What is needed is an exact copy of every entry below, with the pictures left out.
++++ Data provided ++++
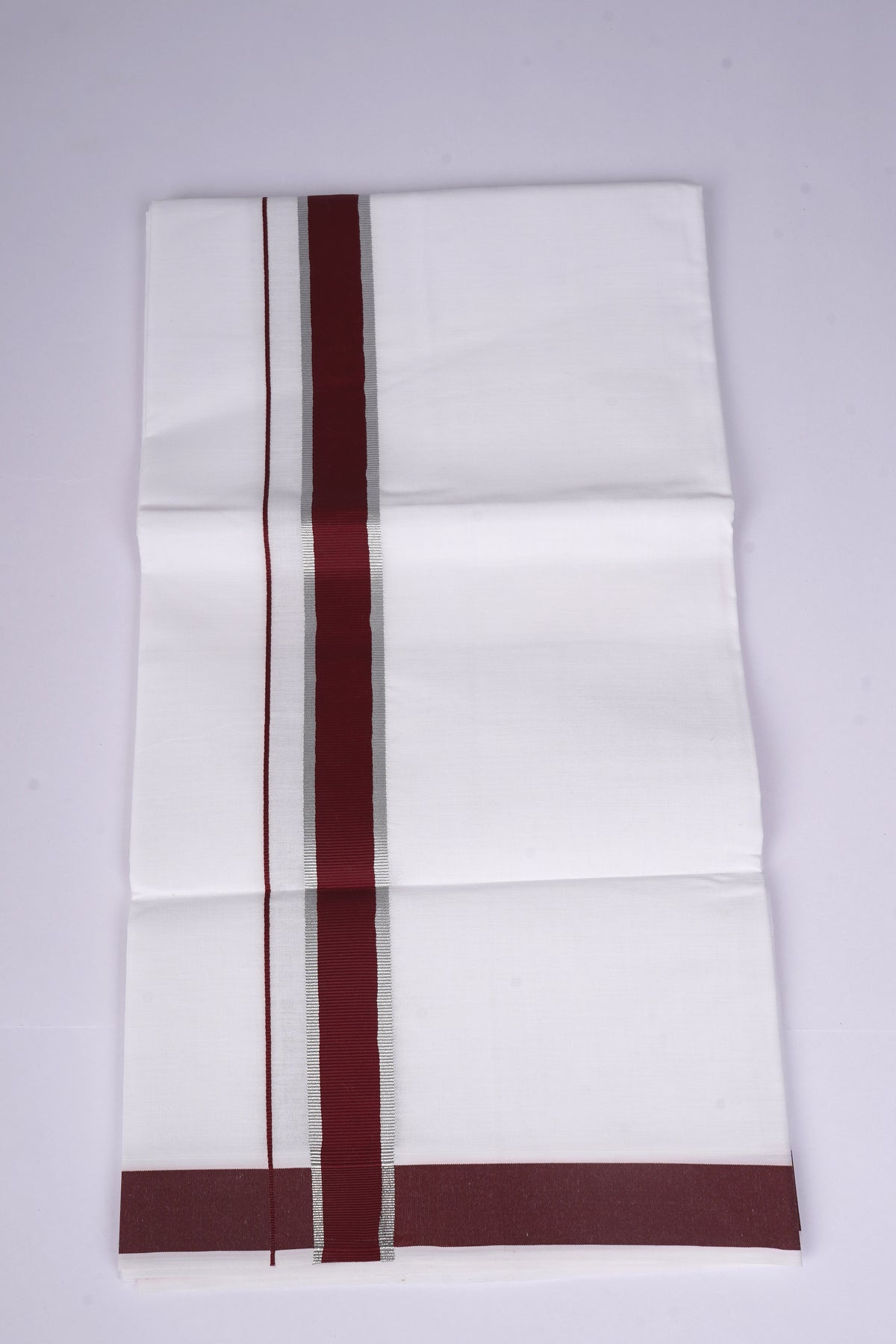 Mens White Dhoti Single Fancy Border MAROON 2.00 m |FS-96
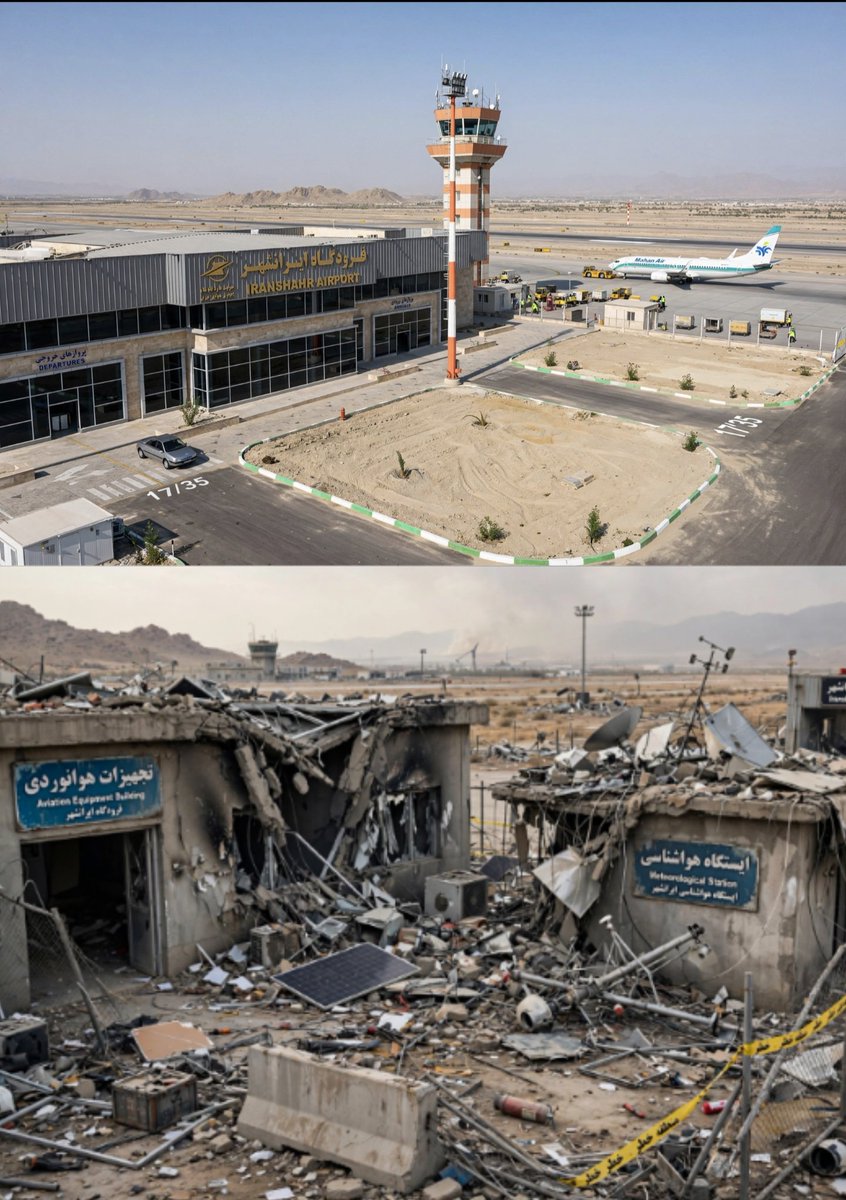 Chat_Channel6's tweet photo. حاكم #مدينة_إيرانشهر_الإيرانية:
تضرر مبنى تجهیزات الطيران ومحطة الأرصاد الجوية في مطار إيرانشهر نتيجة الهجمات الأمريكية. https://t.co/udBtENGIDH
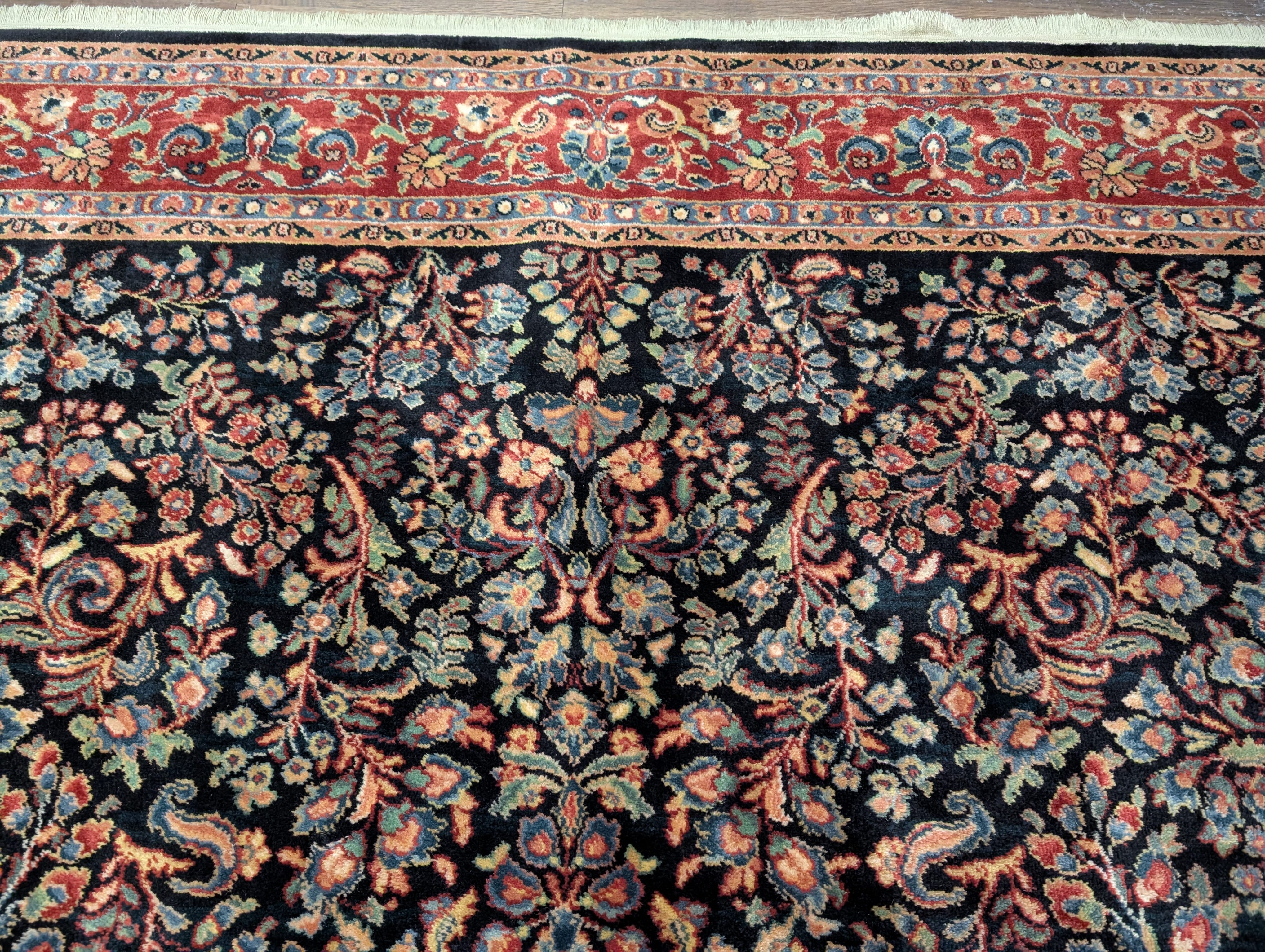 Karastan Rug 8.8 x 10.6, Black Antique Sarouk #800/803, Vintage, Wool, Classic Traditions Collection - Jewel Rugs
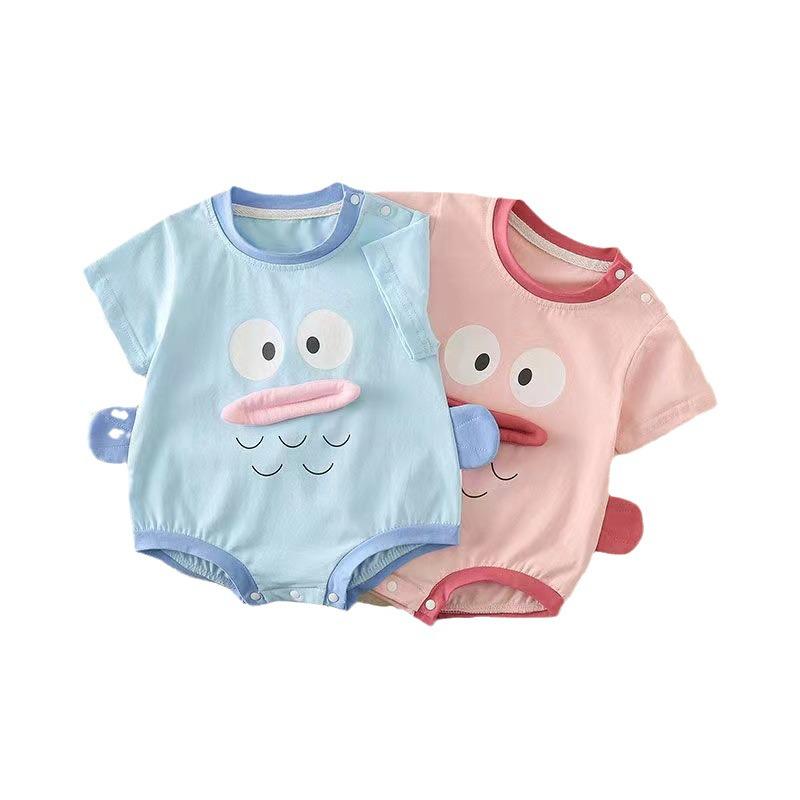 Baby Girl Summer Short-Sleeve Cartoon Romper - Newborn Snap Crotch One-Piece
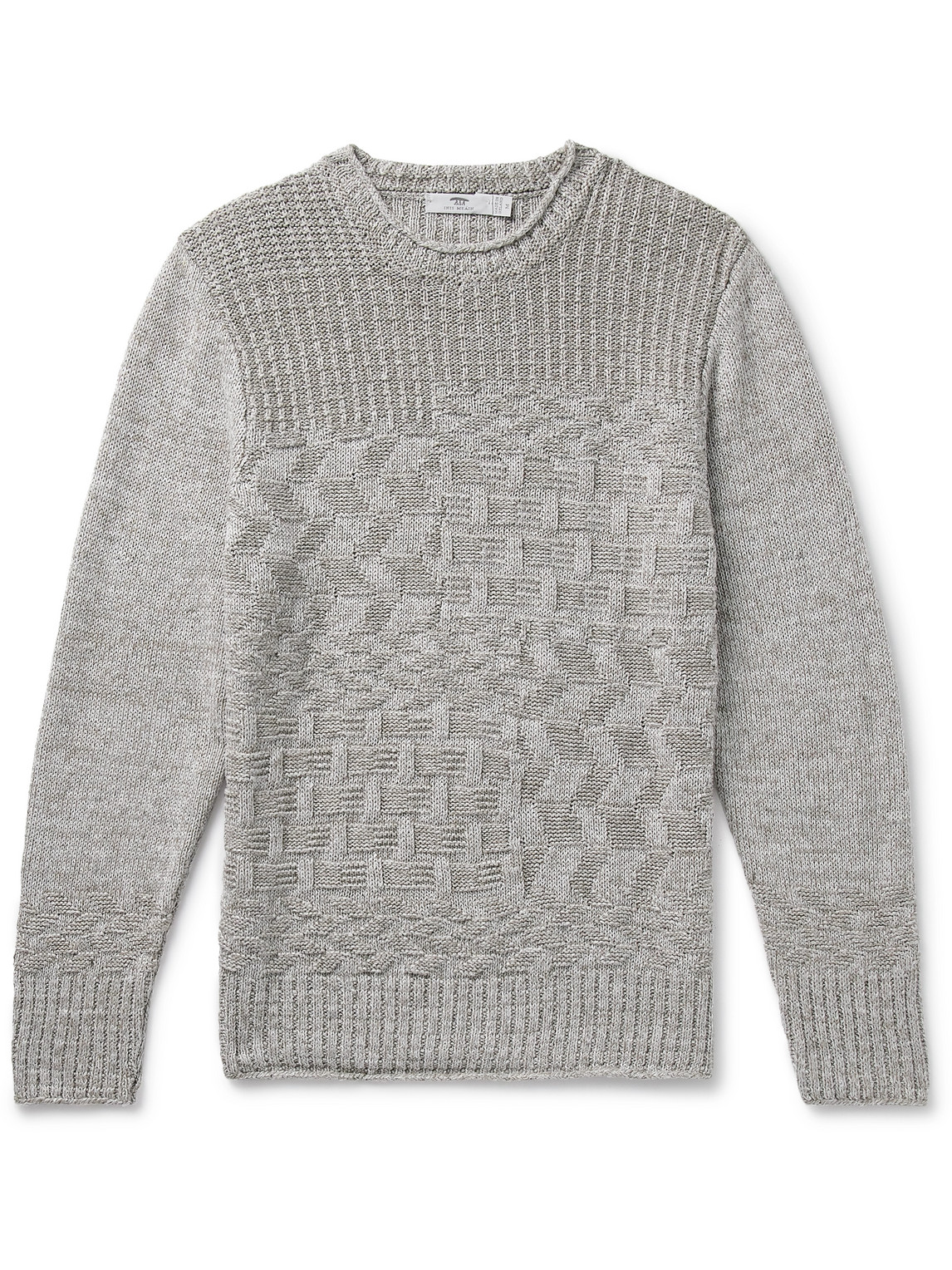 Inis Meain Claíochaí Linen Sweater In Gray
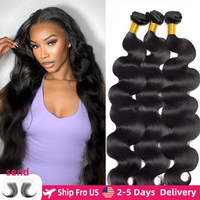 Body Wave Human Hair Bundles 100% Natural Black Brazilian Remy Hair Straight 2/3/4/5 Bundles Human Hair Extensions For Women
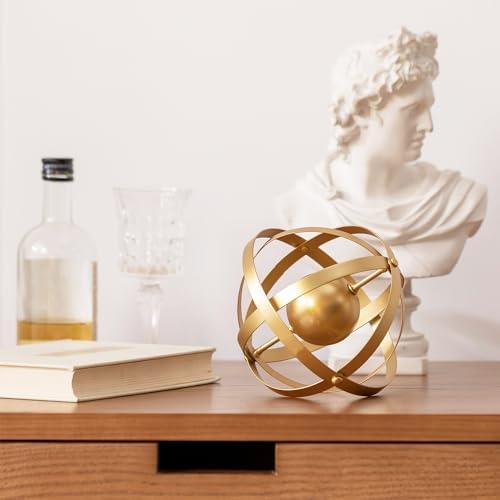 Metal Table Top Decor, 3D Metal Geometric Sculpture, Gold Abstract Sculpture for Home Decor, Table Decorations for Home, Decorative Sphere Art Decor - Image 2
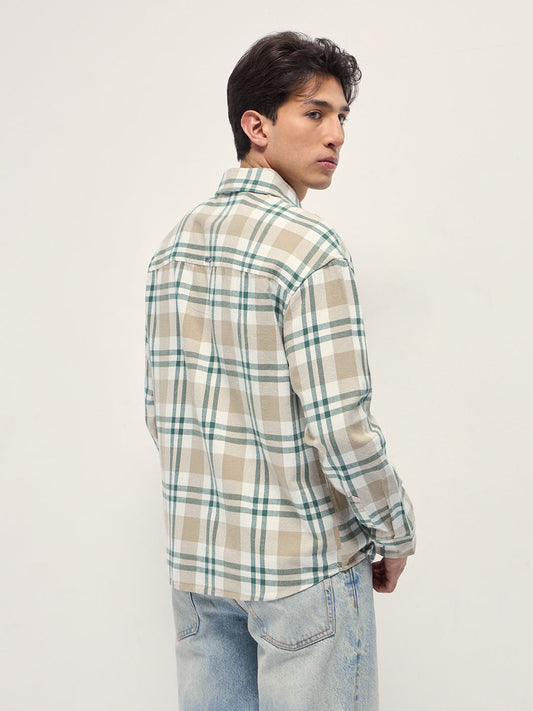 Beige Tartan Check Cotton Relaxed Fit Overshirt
++++
Expected answer ::
 Mens White Dhoti Single Fancy Border MAROON 2.00 m |FS-96
 Chat_Channel6's tweet photo. حاكم #مدينة_إيرانشهر_الإيرانية:
تضرر مبنى تجهیزات الطيران ومحطة الأرصاد الجوية في مطار إيرانشهر نتيجة الهجمات الأمريكية. https://t.co/udBtENGIDH
 Karastan Rug 8.8 x 10.6, Black Antique Sarouk #800/803, Vintage, Wool, Classic Traditions Collection - Jewel Rugs
 Baby Girl Summer Short-Sleeve Cartoon Romper - Newborn Snap Crotch One-Piece
 Inis Meain Claíochaí Linen Sweater In Gray
 Body Wave Human Hair Bundles 100% Natural Black Brazilian Remy Hair Straight 2/3/4/5 Bundles Human Hair Extensions For Women
 Metal Table Top Decor, 3D Metal Geometric Sculpture, Gold Abstract Sculpture for Home Decor, Table Decorations for Home, Decorative Sphere Art Decor - Image 2
 Beige Tartan Check Cotton Relaxed Fit Overshirt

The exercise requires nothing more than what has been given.